I currently favor approach 3. But I'm worried there could be some subtleties in the search order that I'm not anticipating.

I haven't run/tested this PR, but from looking at it I think it's taking the 1 approach.

mplegendre avatar Jan 04 '22 19:01 mplegendre

Ok, thanks for the explanation. That's more complicated than I thought! Depending on how long it takes to implement option 3, I think we should in the meantime at least fix the build even if it breaks RTLD_NEXT for now.

daboehme avatar Jan 04 '22 21:01 daboehme

I haven't run/tested this PR, but from looking at it I think it's taking the 1 approach.

@mplegendre I don't think it is breaking RTLD_NEXT since this test snippet passes:

    retfive = (int (*)(void)) dlsym(RTLD_NEXT, "return_five");
    if(retfive == NULL)
    {
        fprintf(stderr, "ERROR: dlsym(RTLD_NEXT, 'return_five') returned null pointer\n");
        had_error = -1;
    }
    else if(retfive() != 6)
    {
        fprintf(stderr,
                "ERROR: dlsym(RTLD_NEXT, 'return_five') returned the wrong symbol\n");
        had_error = -1;
    }

jrmadsen avatar Jan 04 '22 22:01 jrmadsen

I took the patch and tried it with our survey tool. It compiles but something seems to be wrong as we aren't getting our performance data gathered. So, more investigation is needed by us in our survey use case.

jgalarowicz avatar Jan 12 '22 15:01 jgalarowicz

I took the patch and tried it with our survey tool. It compiles but something seems to be wrong as we aren't getting our performance data gathered. So, more investigation is needed by us in our survey use case.

Does your survey tool use RTLD_DEFAULT or RTLD_NEXT? Because this patch should not affect any other functionality if y'all do not.

jrmadsen avatar Jan 14 '22 19:01 jrmadsen

Hi Jonathan,

The gotcha usage section of survey isn't my code, but we appear to use RTLD_NEXT (grep below).

I just ran the application that was aborting previously, with our latest survey changes.

It appears that the abort, from not gathering performance data, we were seeing is gone.

I believe the gotcha patch is working for survey.

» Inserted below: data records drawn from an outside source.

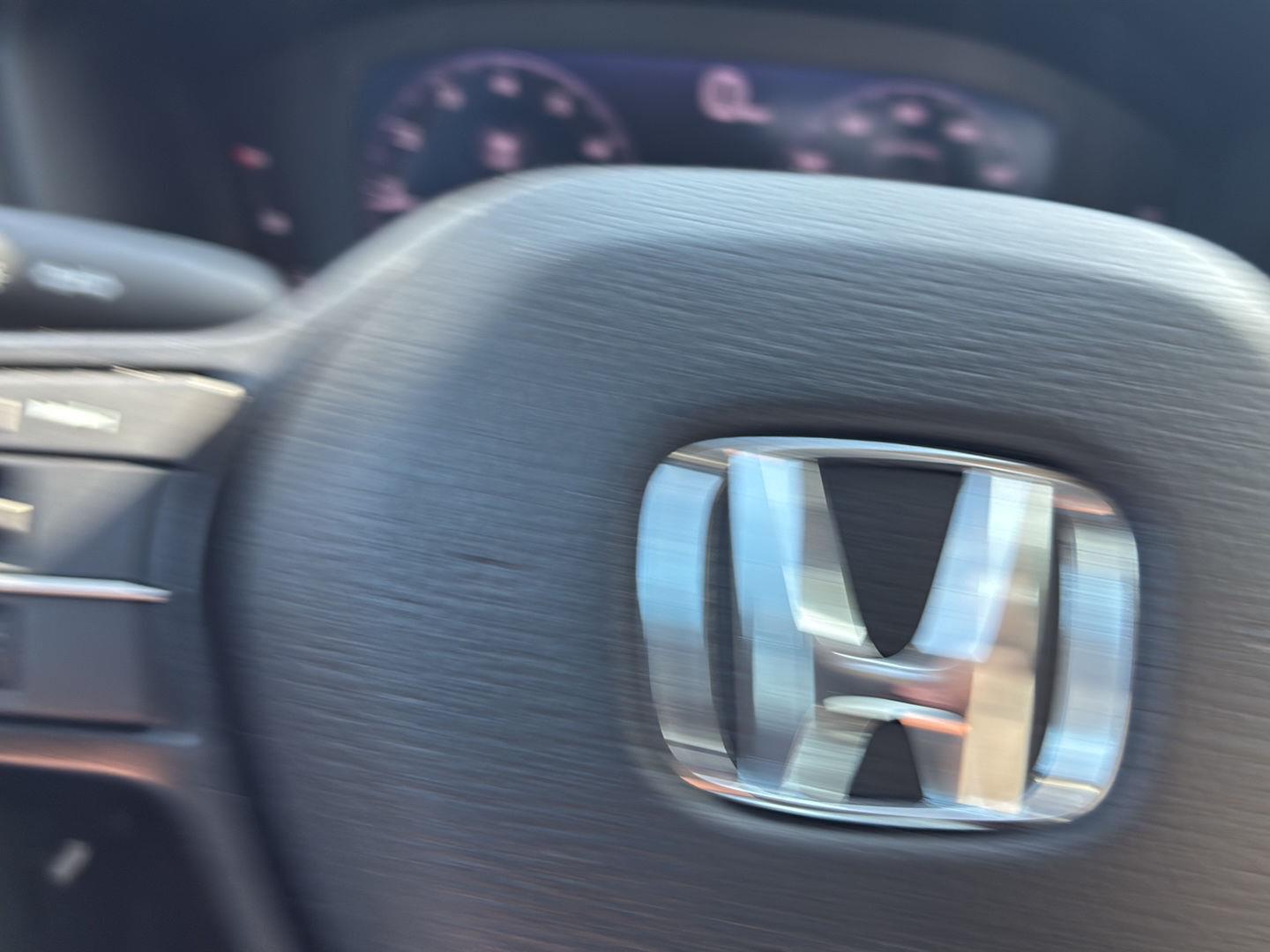 Used 2024 Meteorite Gray Metallic Honda LX image 7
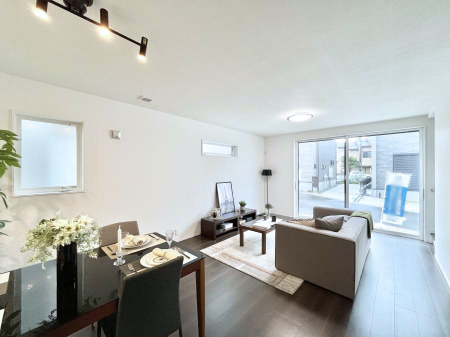 ���r���O�@���邢�z���������A�����̕��͋C�ɖ�������郊�r���O�E�_�C�j���O�B 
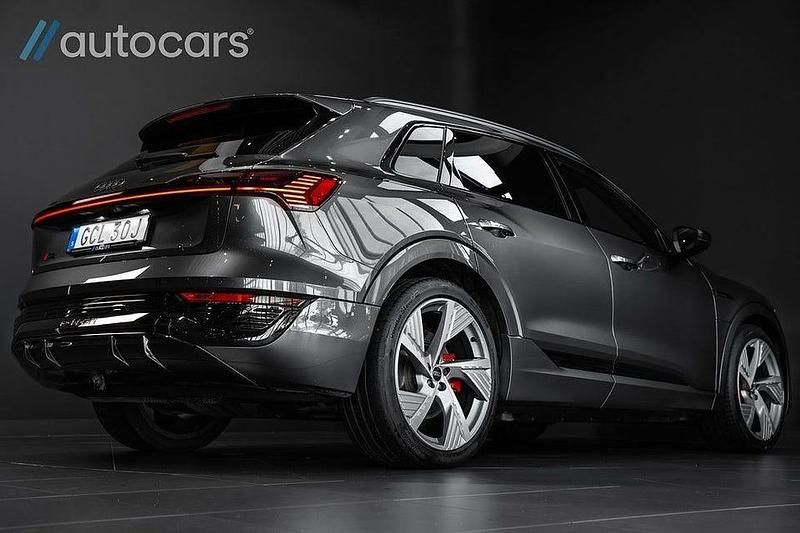 Begagnad Audi Q8 e-tron S-Line 300 kW (408 HK) 2023 Grå SUV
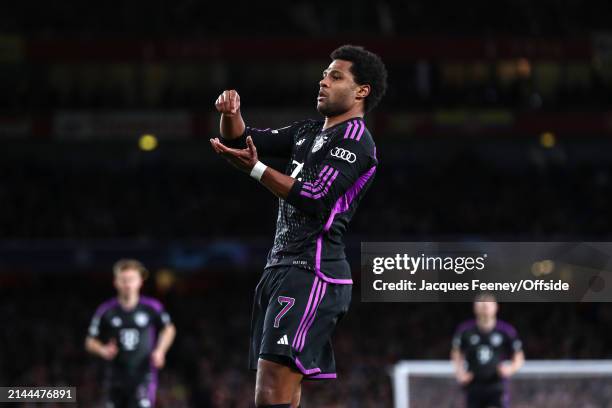 Serge Gnabry of Bayern Munich celebrates scoring their 1st goal during the UEFA Champions League quarter-final first leg match between Arsenal FC and...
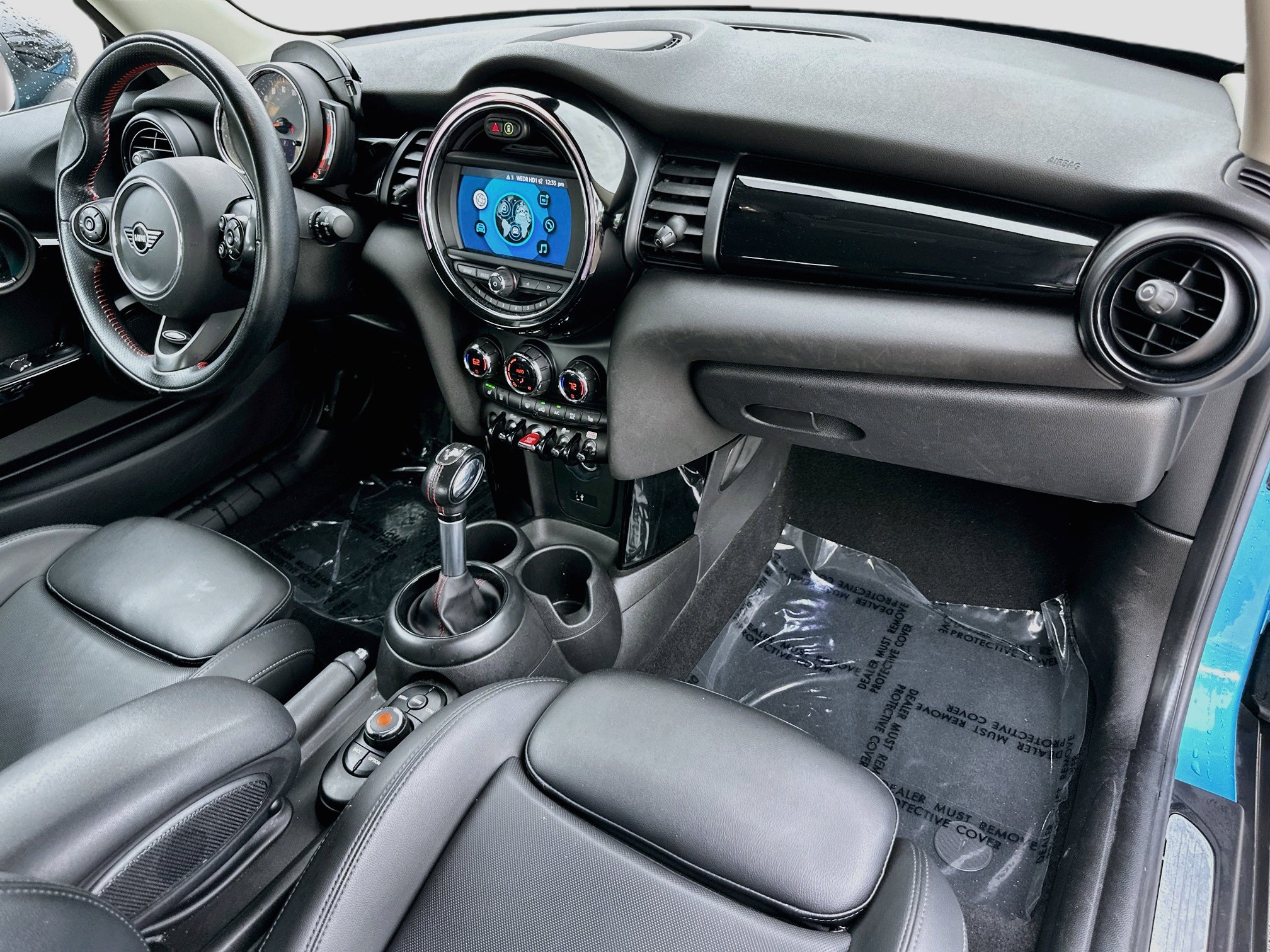 Used 2019 MINI Cooper S w/ Signature Upholstery Package FWD image 27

gotcha compiles and I've run several tests now where I get the expected results.

The workaround/fix looks good from our side.

Thanks

Jim G

grep: build/scripts/CMakeFiles: Is a directory collector/io/wrappers.c:#define __USE_GNU /* XXX forRTLD_NEXT on Linux */ collector/io/wrappers.c: *(void **) (&f_read) = dlsym(RTLD_NEXT, "read"); collector/io/wrappers.c: //ssize_t (*realfunc)() = dlsym (RTLD_NEXT, "write"); collector/io/wrappers.c: *(void **) (&realfunc) = dlsym(RTLD_NEXT, "write"); collector/io/wrappers.c: *(void **) (&realfunc) = dlsym(RTLD_NEXT, "lseek"); collector/io/wrappers.c: *(void **) (&realfunc) = dlsym(RTLD_NEXT, "lseek64"); collector/io/wrappers.c: *(void **) (&realfunc) = dlsym(RTLD_NEXT, "open"); collector/io/wrappers.c: *(void **) (&realfunc) = dlsym(RTLD_NEXT, "open64"); collector/io/wrappers.c: *(void **) (&realfunc) = dlsym(RTLD_NEXT, "close"); collector/io/wrappers.c: *(void **) (&realfunc) = dlsym(RTLD_NEXT, "dup"); collector/io/wrappers.c: *(void **) (&realfunc) = dlsym(RTLD_NEXT, "dup2"); collector/io/wrappers.c: *(void **) (&realfunc) = dlsym(RTLD_NEXT, "creat"); collector/io/wrappers.c: *(void **) (&realfunc) = dlsym(RTLD_NEXT, "creat64"); collector/io/wrappers.c: *(void **) (&realfunc) = dlsym(RTLD_NEXT, "pipe"); collector/io/wrappers.c: ssize_t (*realfunc)() = dlsym (RTLD_NEXT, "pread"); collector/io/wrappers.c: ssize_t (*realfunc)() = dlsym (RTLD_NEXT, "pread64"); collector/io/wrappers.c: ssize_t (*realfunc)() = dlsym (RTLD_NEXT, "pwrite"); collector/io/wrappers.c: ssize_t (realfunc)() = dlsym (RTLD_NEXT, "pwrite64"); collector/io/wrappers.c: ssize_t (realfunc)() = dlsym (RTLD_NEXT, "readv"); collector/io/wrappers.c: ssize_t (realfunc)() = dlsym (RTLD_NEXT, "writev"); collector/mem/wrappers.c:#define __USE_GNU / XXX forRTLD_NEXT on Linux */ collector/mem/wrappers.c: f_malloc = dlsym(RTLD_NEXT, "malloc"); collector/mem/wrappers.c: f_realloc = dlsym (RTLD_NEXT, "realloc"); collector/mem/wrappers.c: f_posix_memalign = dlsym (RTLD_NEXT, "posix_memalign"); collector/mem/wrappers.c: f_memalign = dlsym (RTLD_NEXT, "memalign"); collector/mem/wrappers.c: f_free = dlsym (RTLD_NEXT, "free"); grep: install/spack/externals: Is a directory

On 1/14/22 13:04, Jonathan R. Madsen wrote:

I took the patch and tried it with our survey tool. It compiles
but something seems to be wrong as we aren't getting our
performance data gathered. So, more investigation is needed by us
in our survey use case.

Does your survey tool use |RTLD_DEFAULT| or |RTLD_NEXT|? Because this patch should not affect any other functionality if y'all do not.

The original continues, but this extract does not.